> [Collected data entries]:
──────
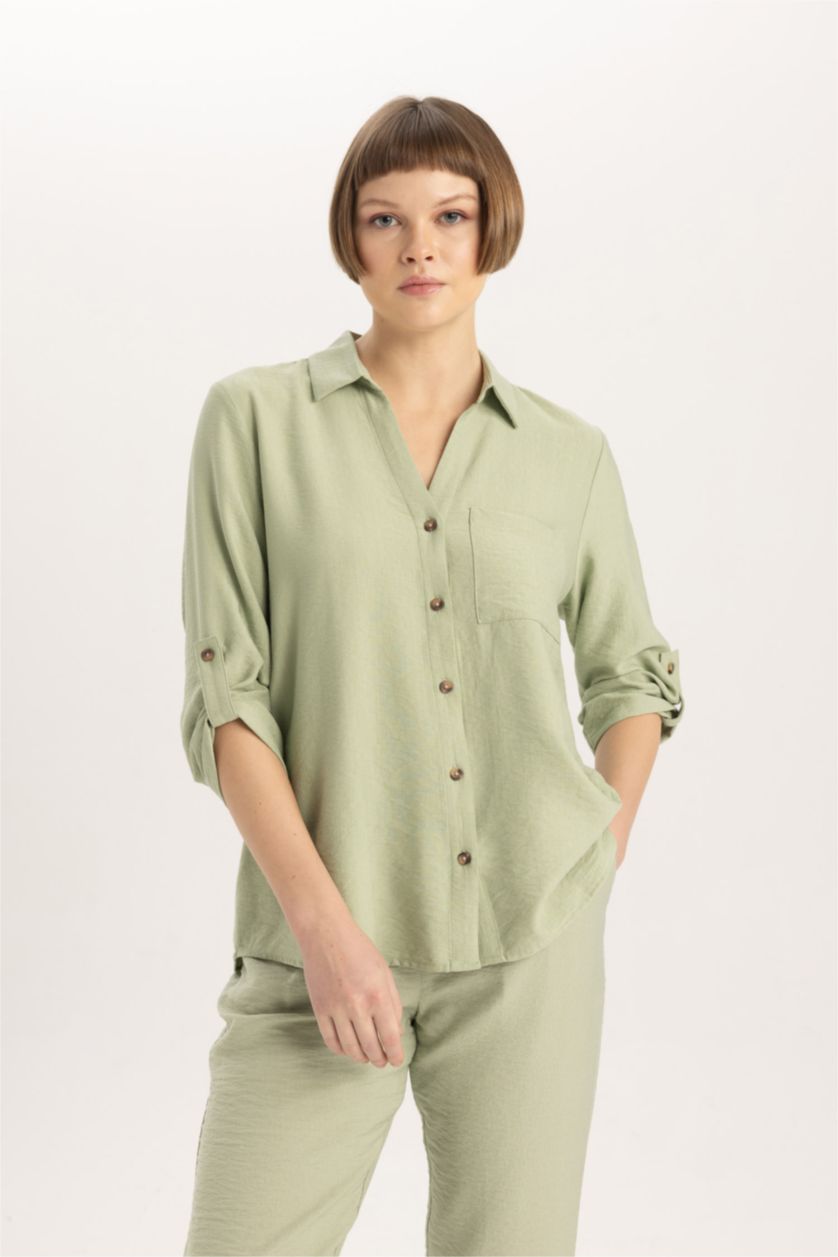 حريمي نعناع قميص كم طويل قصة عادية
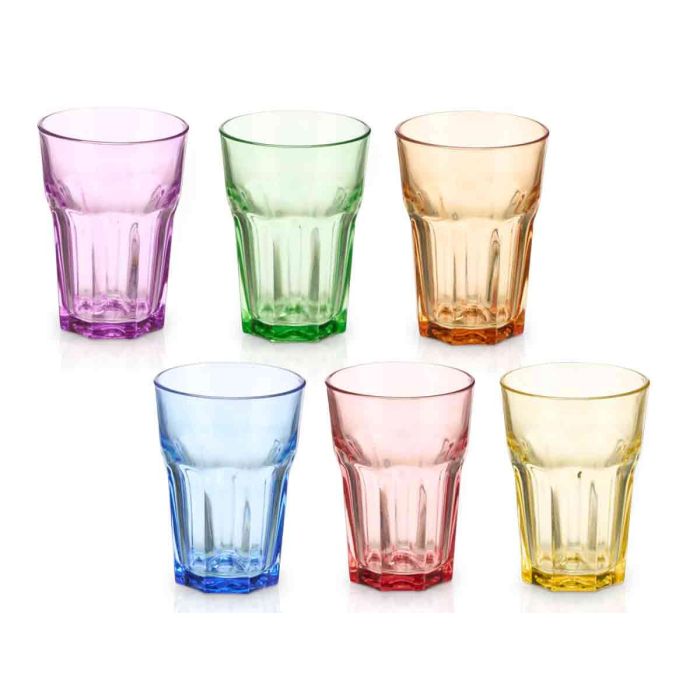 Vaso de Vidrio Vivalto 360 ml - Pack de 6 Colores (Amarillo, Azul, Naranja, Morado, Rosa, Verde) - 8.5x12x8.5 cm (24 Unidades) 1 Vaso de Vidrio Vivalto 360 ml - Pack de 6 Colores (Amarillo, Azul, Naranja, Morado, Rosa, Verde) - 8.5x12x8.5 cm (24 Unidades) 1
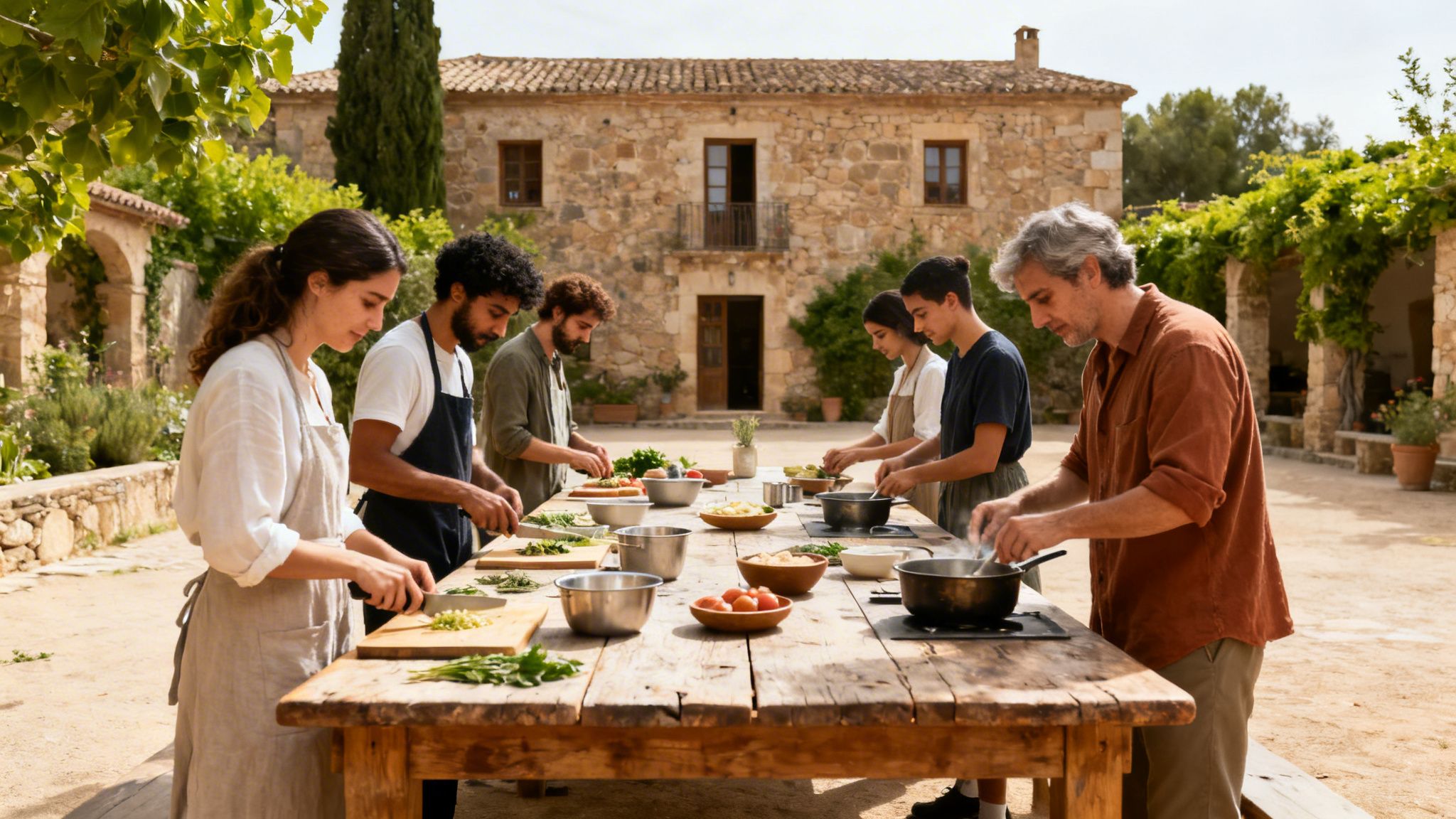 Un grupo de personas cocinando y picando verduras en una mesa de madera al aire libre.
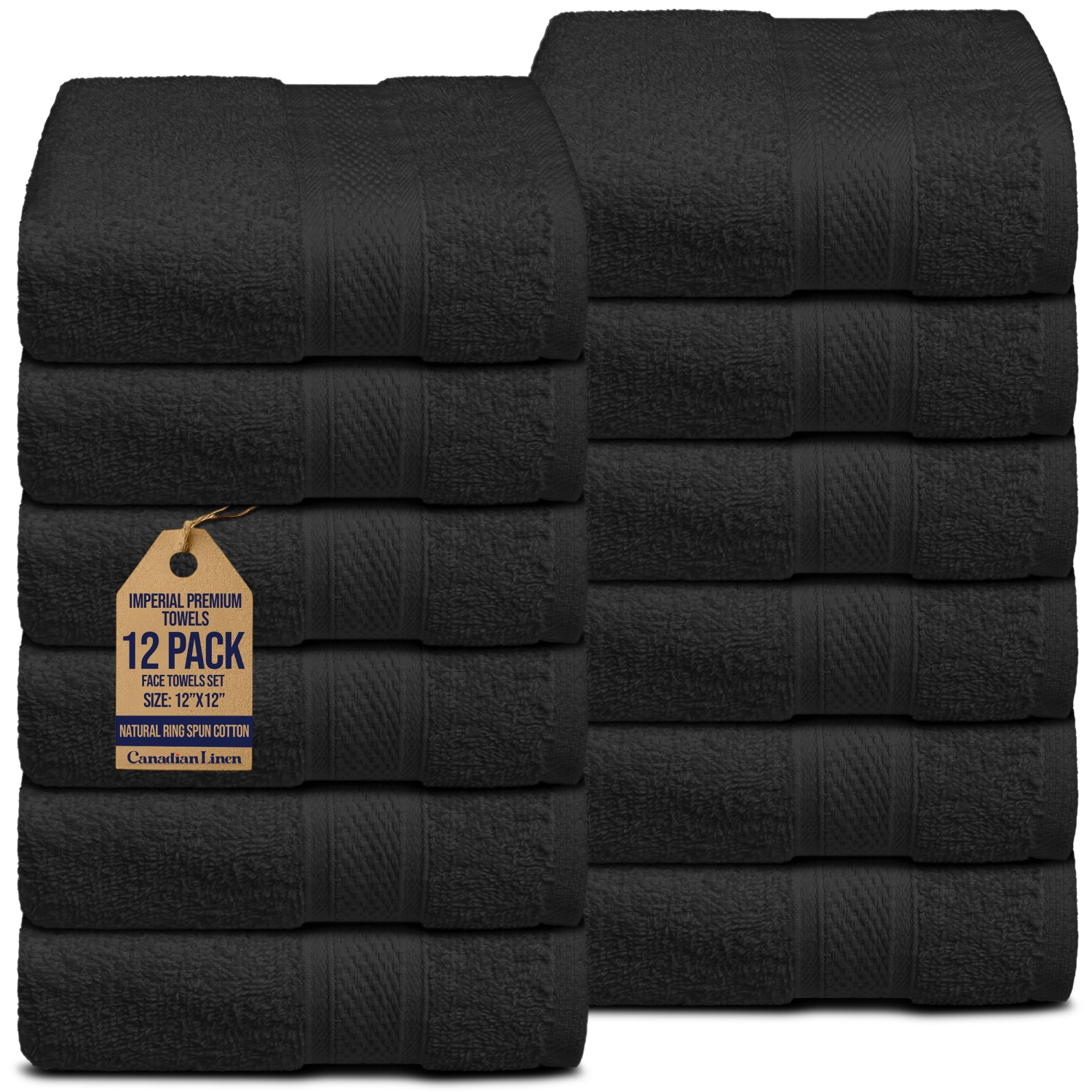 Débarbouillettes Canadian Linen Imperial, paq. 12, 12 x 12&nbsp;po, coton doux et absorbant à séchage rapide, léger, pour le maquillage de la maison,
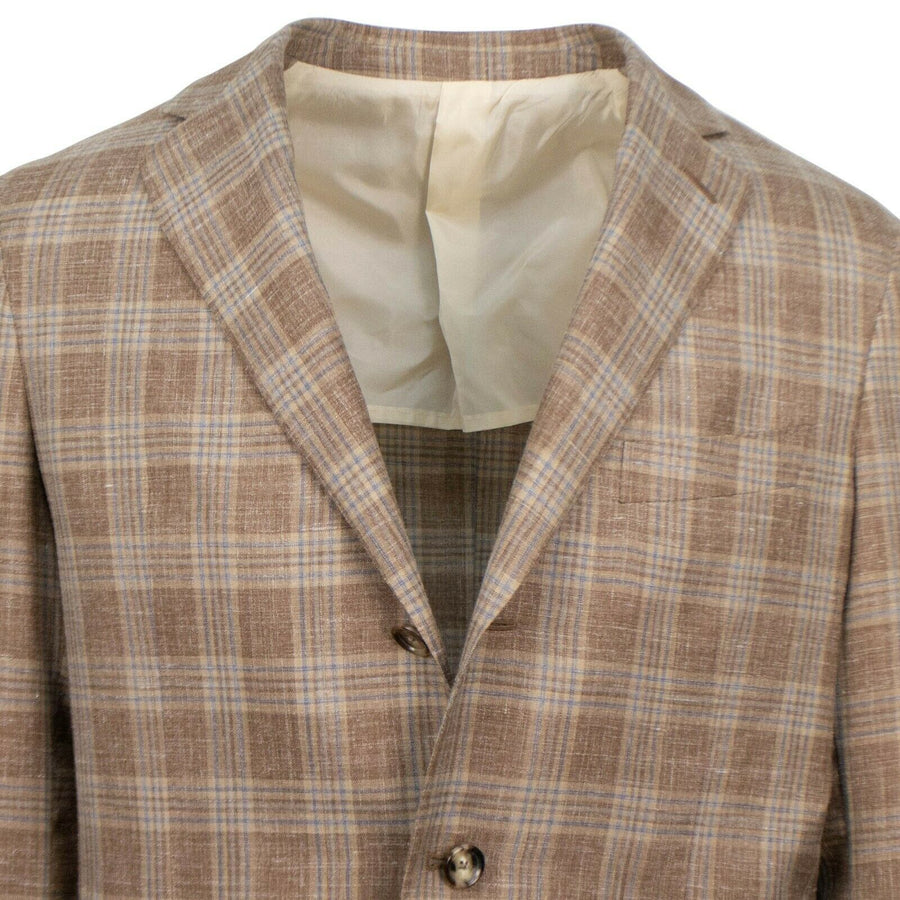 Drop 8 Plaid Wool Blend 3 Button Sport Coat - Brown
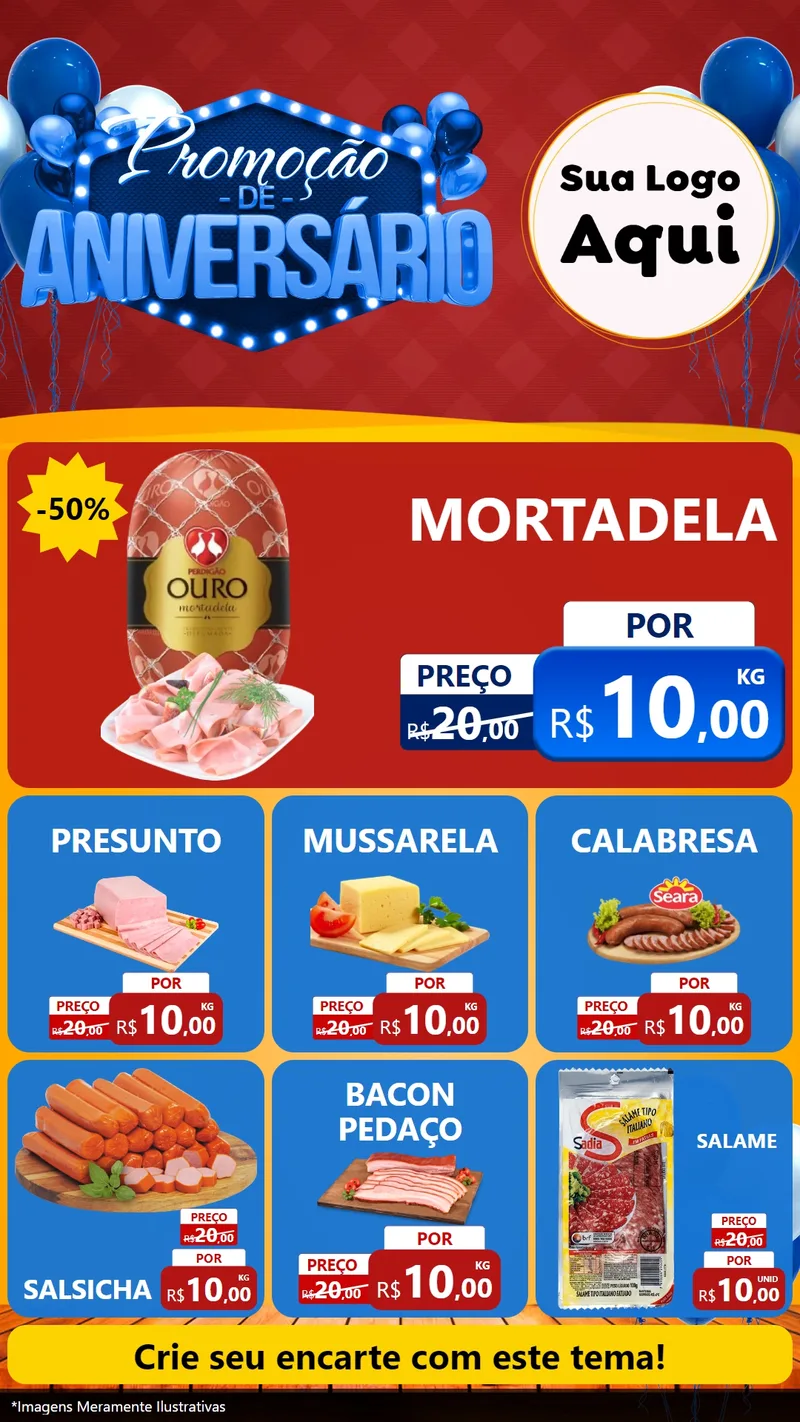 Modelo de Rede Social para Stories com o tema Promoção de Aniversário para Frios e Laticínios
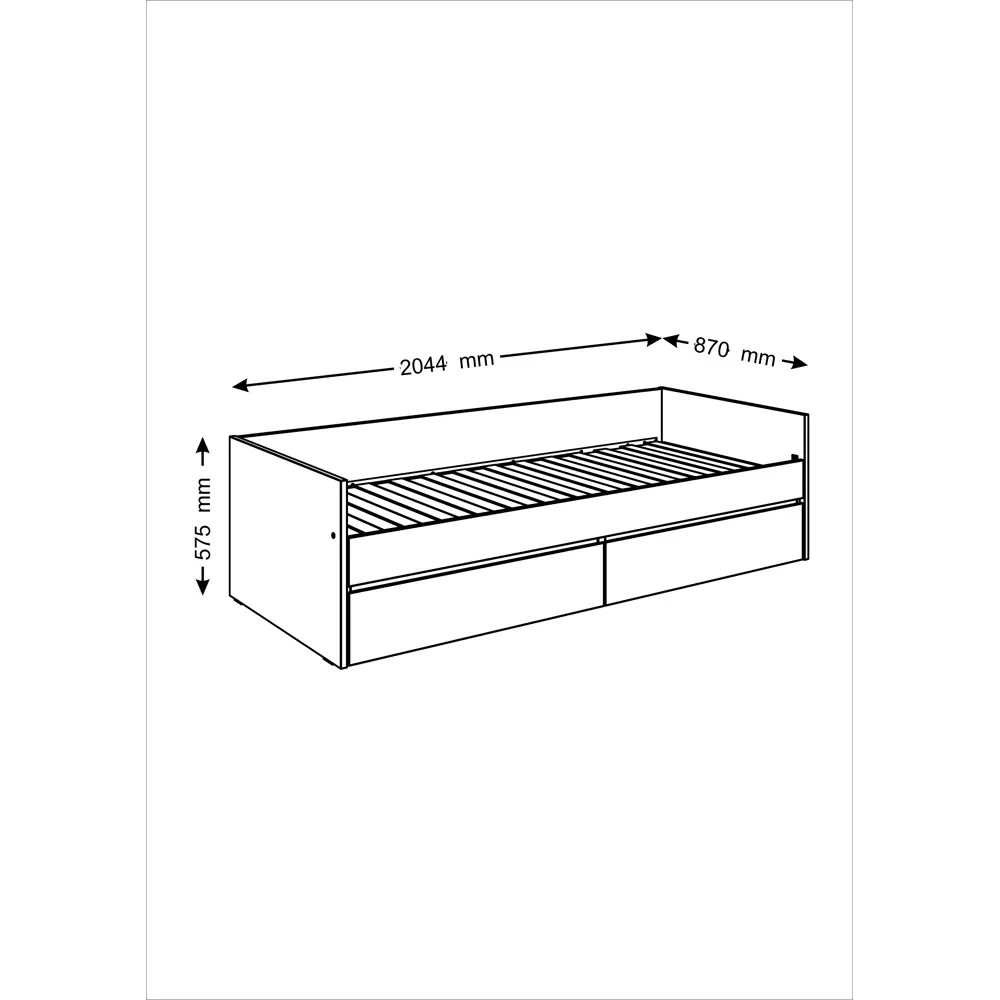 Фото 6 Кровать раздвижная Гуд Лакк Кастор 87x57.5x204.4 см цвет белый Фото 6 Кровать раздвижная Гуд Лакк Кастор 87x57.5x204.4 см цвет белый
──────
> [WHAT TO PRODUCE]: Restate every record exactly, please; do not copy the pictures.

> [COMPLETED TASK]:
 حريمي نعناع قميص كم طويل قصة عادية
 Vaso de Vidrio Vivalto 360 ml - Pack de 6 Colores (Amarillo, Azul, Naranja, Morado, Rosa, Verde) - 8.5x12x8.5 cm (24 Unidades) 1 Vaso de Vidrio Vivalto 360 ml - Pack de 6 Colores (Amarillo, Azul, Naranja, Morado, Rosa, Verde) - 8.5x12x8.5 cm (24 Unidades) 1
 Un grupo de personas cocinando y picando verduras en una mesa de madera al aire libre.
 Débarbouillettes Canadian Linen Imperial, paq. 12, 12 x 12&nbsp;po, coton doux et absorbant à séchage rapide, léger, pour le maquillage de la maison,
 Drop 8 Plaid Wool Blend 3 Button Sport Coat - Brown
 Modelo de Rede Social para Stories com o tema Promoção de Aniversário para Frios e Laticínios
 Фото 6 Кровать раздвижная Гуд Лакк Кастор 87x57.5x204.4 см цвет белый Фото 6 Кровать раздвижная Гуд Лакк Кастор 87x57.5x204.4 см цвет белый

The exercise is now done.